> [Task objective]
What follows is a set of records; repeat them exactly, without the pictures.

> [Data records]
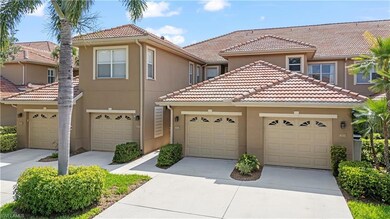 Townhome / multi-family property with a tiled roof, stucco siding, driveway, and a garage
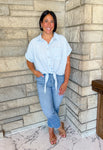 Light blue and white vertical striped top
tie waist
buttons
front pocket
fixed rolled sleeves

> [Written solution]
 Townhome / multi-family property with a tiled roof, stucco siding, driveway, and a garage
 Light blue and white vertical striped top
tie waist
buttons
front pocket
fixed rolled sleeves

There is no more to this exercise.